A crude way of solving it would then be to keep generating random id's until the insertion succeeds.

Is there a particular reason why the numbers can't be sequential? Does it have to be a certain number of digits?

MySQL has a built in function for generating unique integer ID's in the form of UUID_SHORT().

You invoke UUID_SHORT() on average fewer than 16 million times per second between mysqld restarts

This bit about ensuring uniqueness made me chuckle.

berserk 60 Junior Poster · Answer 3 · 2017-02-22T14:29:39+00:00

i wanted to go with the unique id idea before but im not sure how to add that and still have it work across all tables. Can you have two unique id columns in one table? Also i really like the idea of find the largest value and then just incrementing from there, im not sure why it wasnt setup like that to begin with but again this is just a rewrite of what they had before.

as fo the number of digits i guess it just has to be within that random number range, they havent given me to much info on that so im doing a lot of assuming lol.
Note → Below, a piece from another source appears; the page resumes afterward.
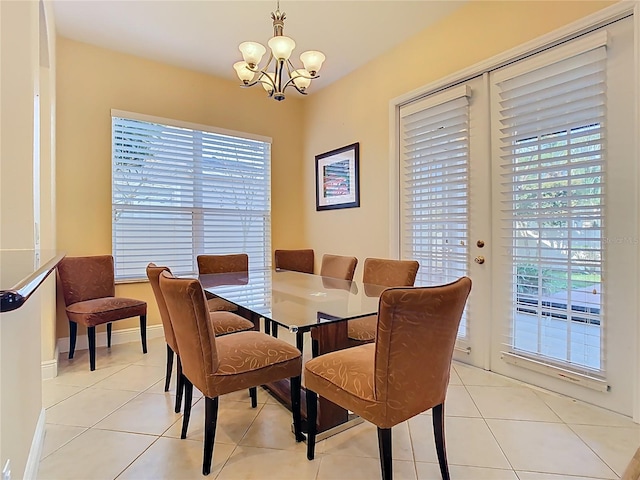 dining area featuring baseboards, an inviting chandelier, and light tile patterned flooring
The UUID_SHORT() how exactly does that work? Does is garuntee that the chances of making an id that are the same is near impossible or does it look into what i have and generate one based on non existing values?

Traevel 216 Light Poster · Answer 4 · 2017-02-22T15:29:30+00:00

so im doing a lot of assuming

Be very careful with that, it will come back to bite you in the end.
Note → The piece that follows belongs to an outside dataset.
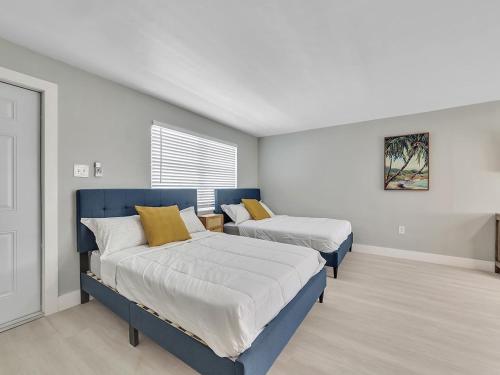 a bedroom with two beds and a window at Beachside 1BR Apt – Steps to Hollywood Dania in Dania Beach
From the page I linked you:

The value of UUID_SHORT() is guaranteed to be unique if the following conditions hold:

The server_id value of the current server is between 0 and 255 and is unique among your set of master and slave servers

You do not set back the system time for your server host between mysqld restarts

You invoke UUID_SHORT() on average fewer than 16 million times per second between mysqld restarts

What it does is the following:

(server_id & 255) << 5 
+ (server_startup_time_in_seconds << 24)
+ incremented_variable++;

I'm not a database expert, but I'd say this will generate a unique number regardless of tables. The resulting number will be longer than 8 digits though.

If I were you I would contact my employer/customer and ask them if they have any particular restrictions on that sec_id. Things like:

should it be readable by a human (if someone has to type it in you'll probably want something else)
should it be unpredictable (even UUID() is predictable)
is it limited to a certain amount and type of characters/digits
how many sec_id's can there be expected to be, also in the future (thousands? millions? billions?)

Then I would change the id's accordingly, based on the information you get.

No one will expect you to guess or assume. If they say it's up to you, so be it. Just don't assume something, create a unique 128-bit String id and then find out one day before release that a receptionist is going to have to type in 200 of those id's during his/her workday. Even if they say "it's up to you" be sure to inform them about these things anyway, they might not know it will be an issue they care about until you tell them.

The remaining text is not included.